## [WHAT YOU WILL DO]
From the first line to the last, reproduce the records below exactly, omitting any picture.

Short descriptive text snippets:
#####
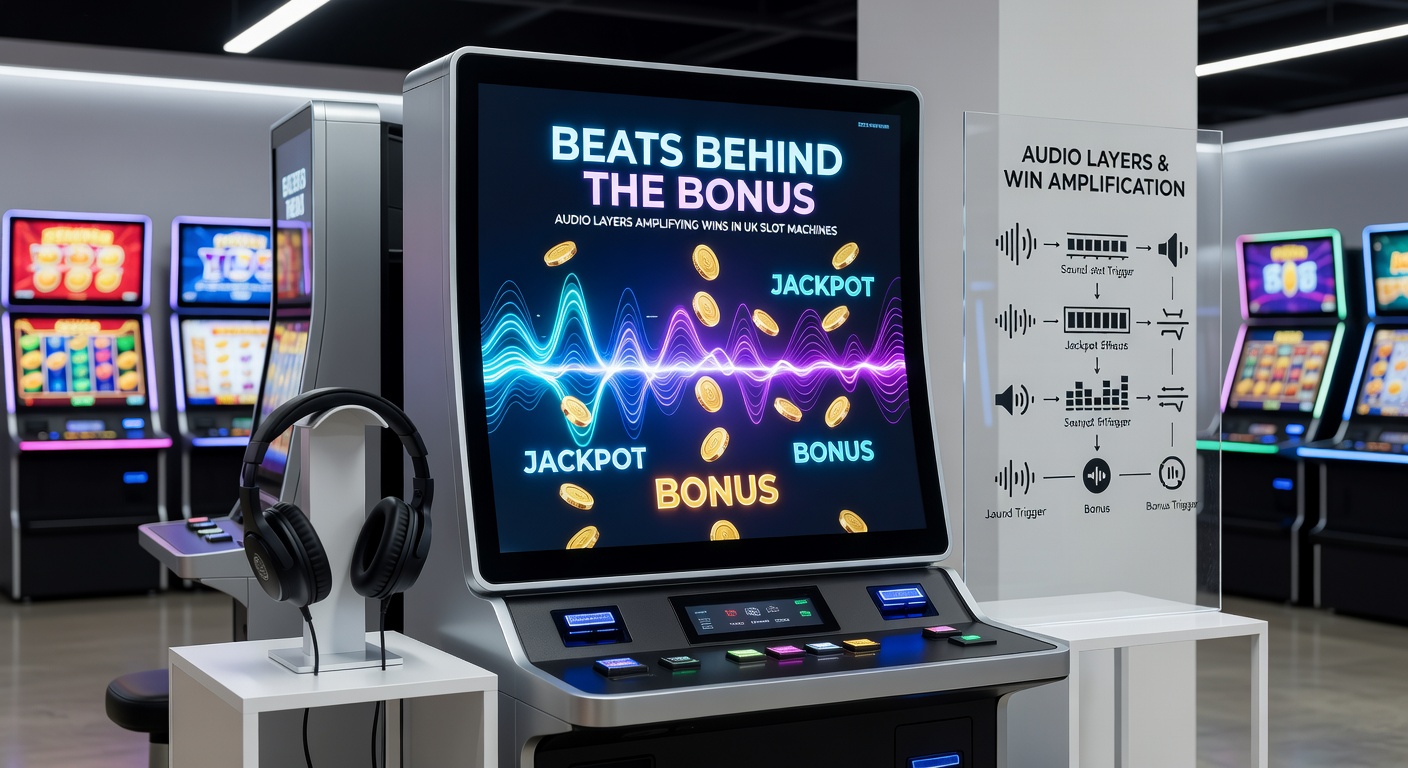 Close-up of a player's hands on a slot machine lever with waveform graphics overlaying the screen, illustrating synchronized audio peaks during a bonus activation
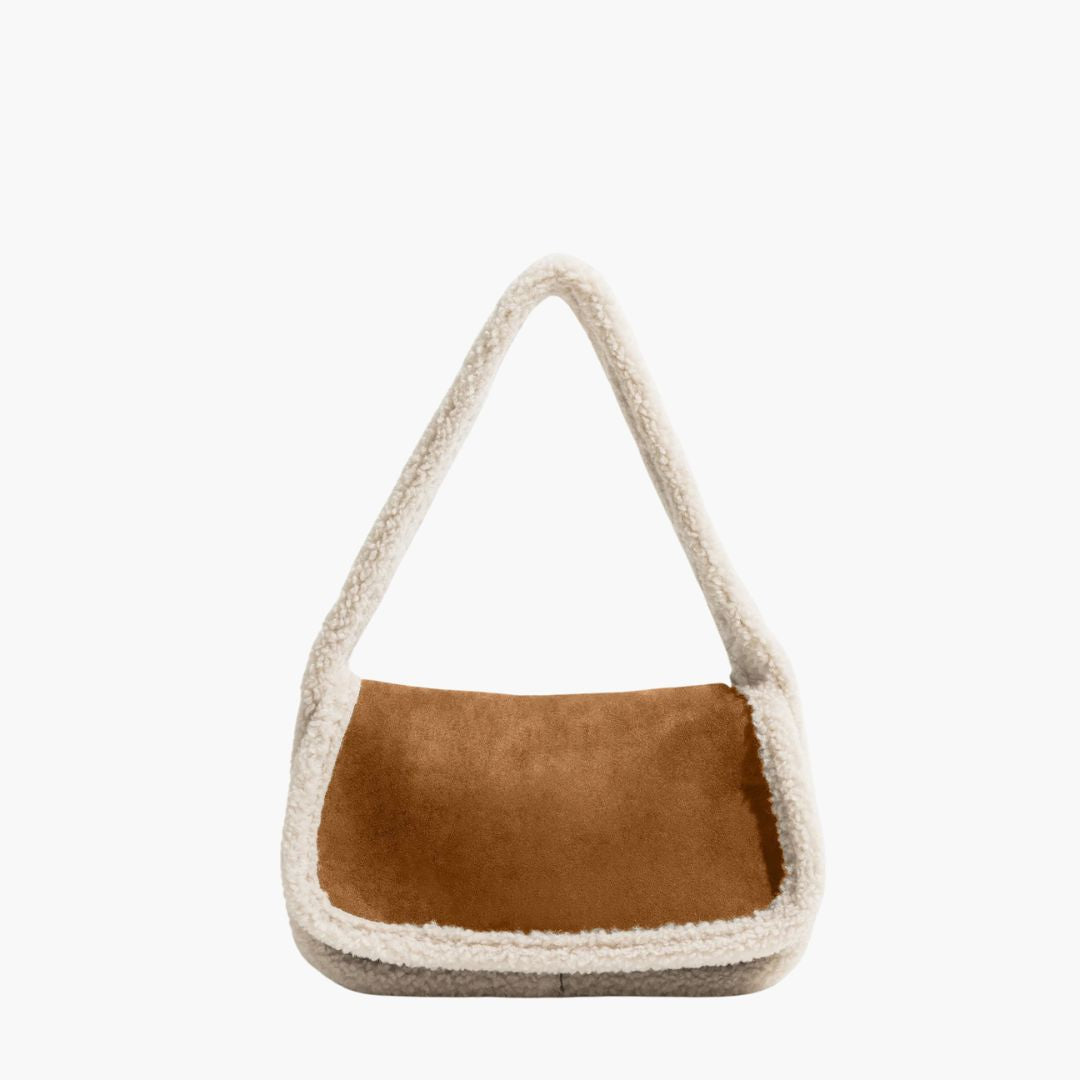 Handtasche | Teddy-Detail | Wildlederoptik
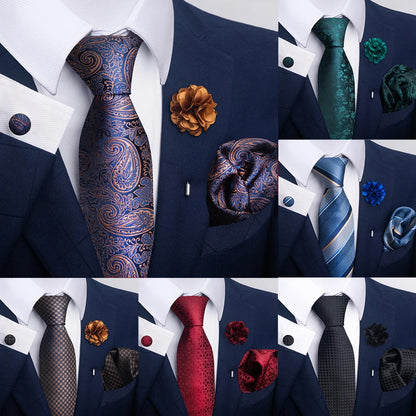 Luxury Men's Floral Tie Set - Black Gold Paisley Necktie with Pocket Square, Cufflinks & Brooch - BOC-WEAR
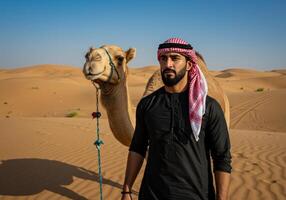 Man in Traditional Dress with Camel in Desert Landscape photo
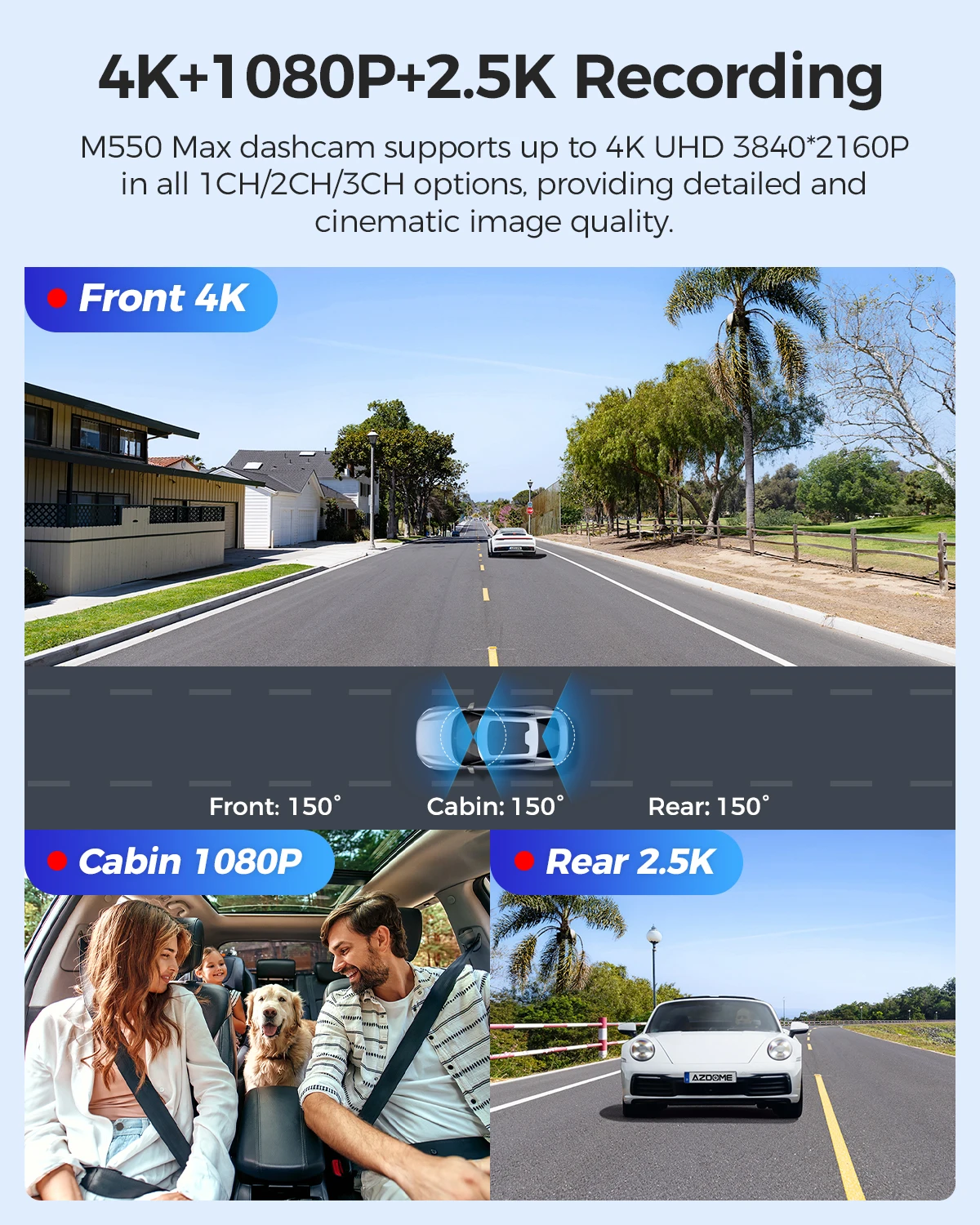 AZDOME M550 Max Dash Cam 4K + 1K + 2,5K Integrierte GPS WiFi – Bild 2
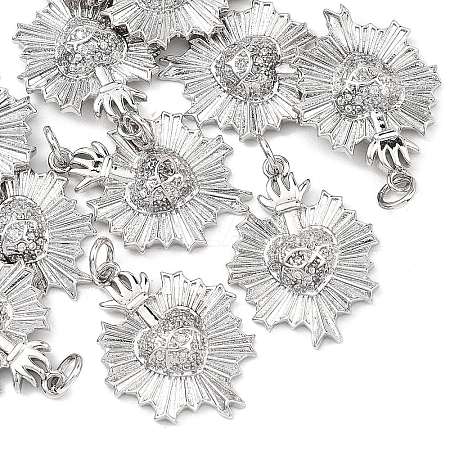 SHEGRACE Brass Micro Pave Clear Cubic Zirconia Pendants XGRQ2C491-405P-1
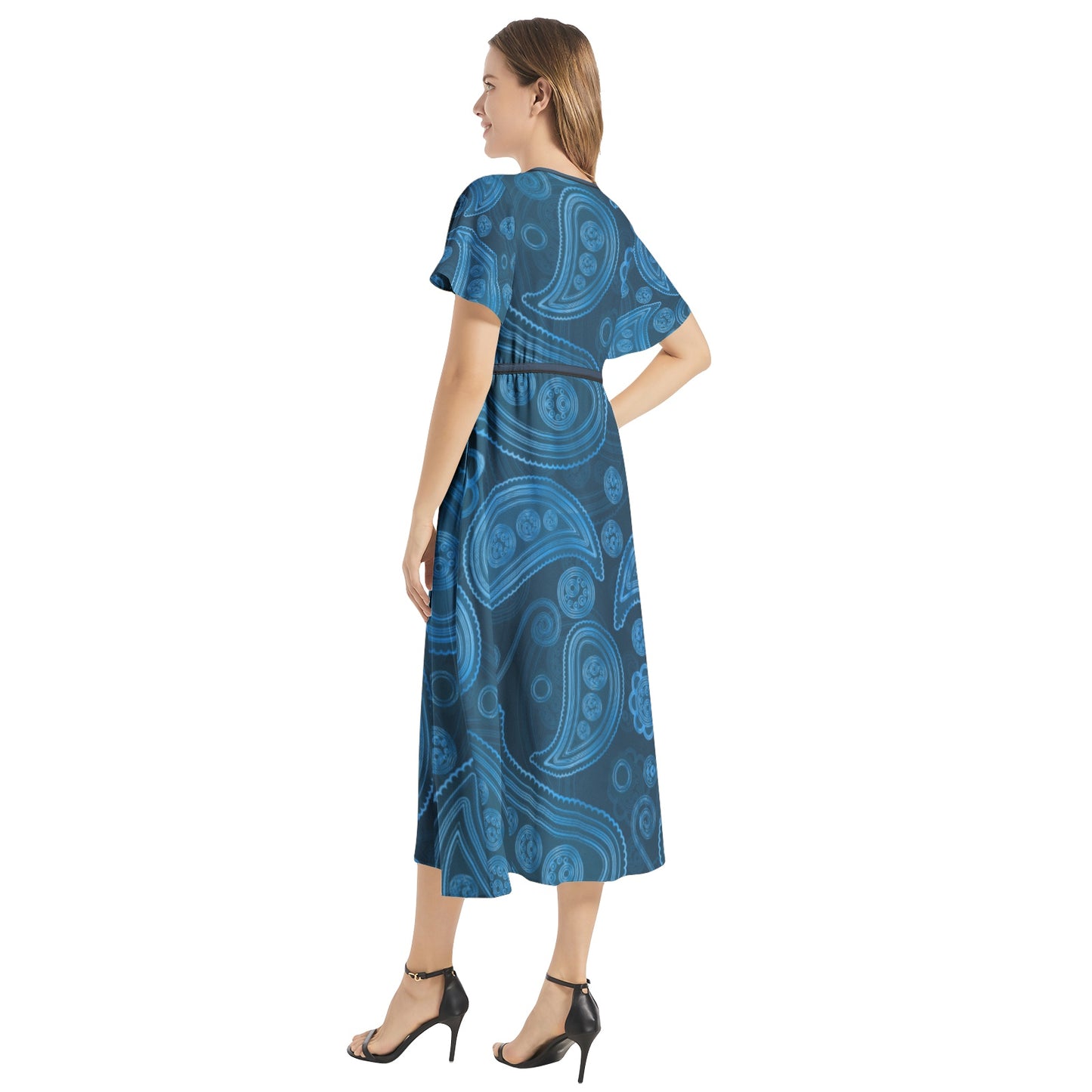 Snooty Fox Art Flutter Sleeve Drawstring Waist Flared Dress - Blue Paisley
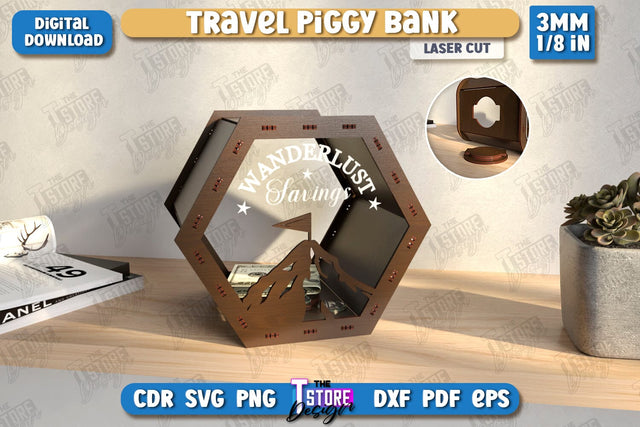 Travel Piggy Bank Laser Cut | Ticket Memory Box | Vacation Money Box | Concert Tickets | CNC File SVG The T Store Design 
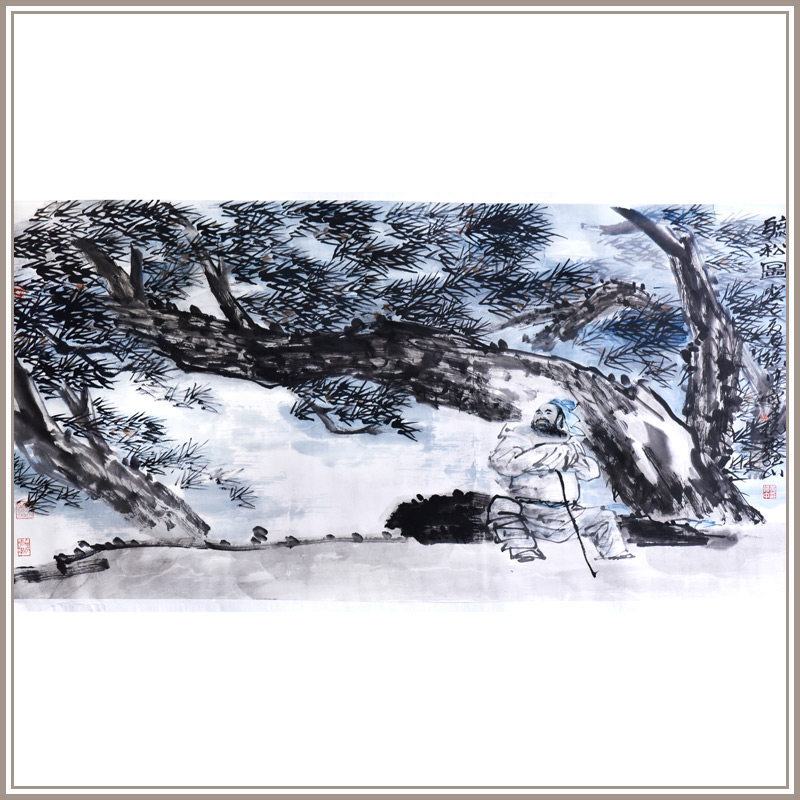 西泠印社社员黄镇中国画《听松图》名家字画真迹书房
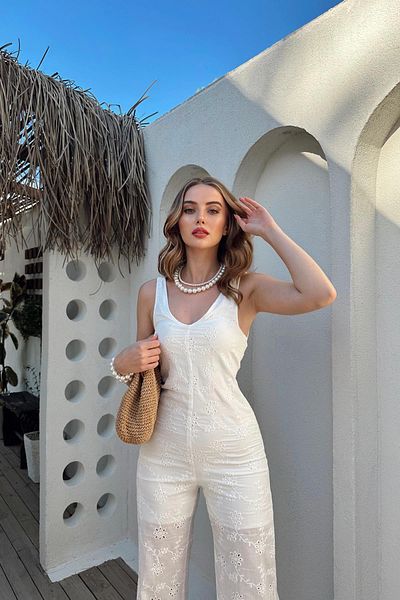 Elbee Fashion Woman Scallop Jumpsuit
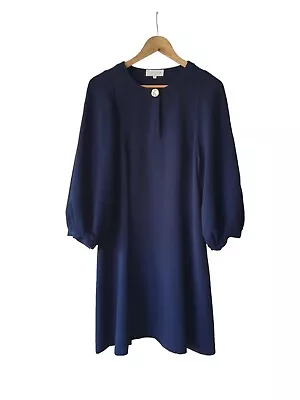 Veronika Maine Navy Blue Dress Size 14 Balloon Sleeve Corporate Shift • $39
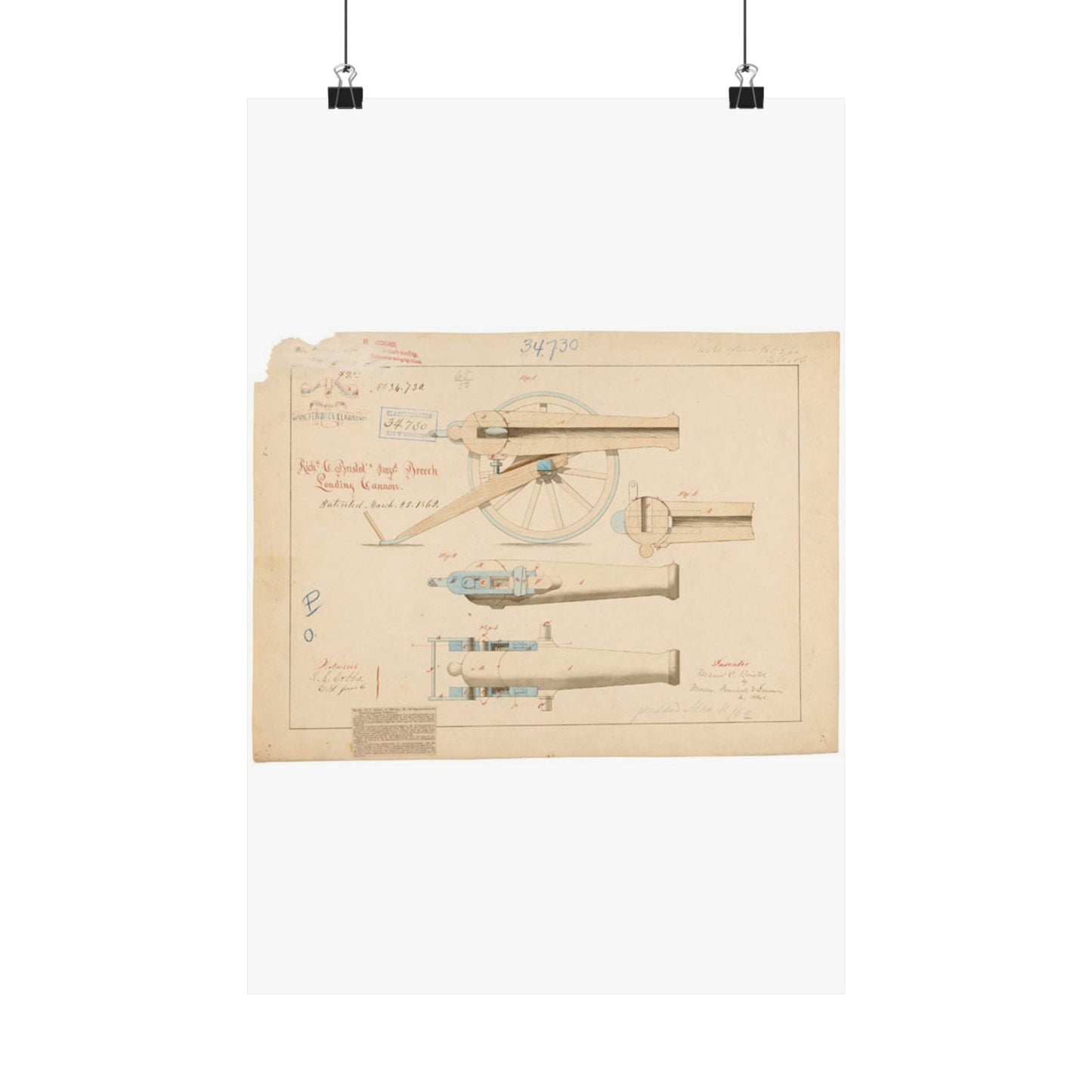 Patent drawing - Drawing of Improved Breech Loading Cannon Public domain image High Quality Matte Wall Art Poster for Home, Office, Classroom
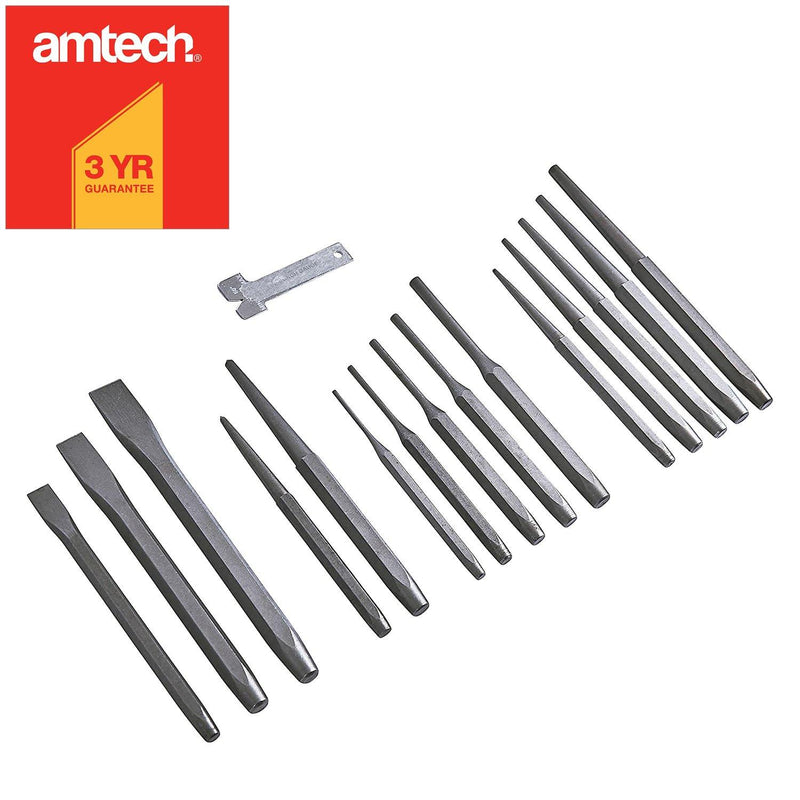 Amtech 16Pc Mechanics Carbon Steel Punch & Chisels Set Pin Taper Centre Punches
#####
## [PROBLEM SOLUTION]
 Close-up of a player's hands on a slot machine lever with waveform graphics overlaying the screen, illustrating synchronized audio peaks during a bonus activation
 Handtasche | Teddy-Detail | Wildlederoptik
 Luxury Men's Floral Tie Set - Black Gold Paisley Necktie with Pocket Square, Cufflinks & Brooch - BOC-WEAR
 Man in Traditional Dress with Camel in Desert Landscape photo
 AZDOME M550 Max Dash Cam 4K + 1K + 2,5K Integrierte GPS WiFi – Bild 2
 SHEGRACE Brass Micro Pave Clear Cubic Zirconia Pendants XGRQ2C491-405P-1
 Snooty Fox Art Flutter Sleeve Drawstring Waist Flared Dress - Blue Paisley
 Travel Piggy Bank Laser Cut | Ticket Memory Box | Vacation Money Box | Concert Tickets | CNC File SVG The T Store Design 
 西泠印社社员黄镇中国画《听松图》名家字画真迹书房
 Elbee Fashion Woman Scallop Jumpsuit
 Veronika Maine Navy Blue Dress Size 14 Balloon Sleeve Corporate Shift • $39
 Patent drawing - Drawing of Improved Breech Loading Cannon Public domain image High Quality Matte Wall Art Poster for Home, Office, Classroom
 Amtech 16Pc Mechanics Carbon Steel Punch & Chisels Set Pin Taper Centre Punches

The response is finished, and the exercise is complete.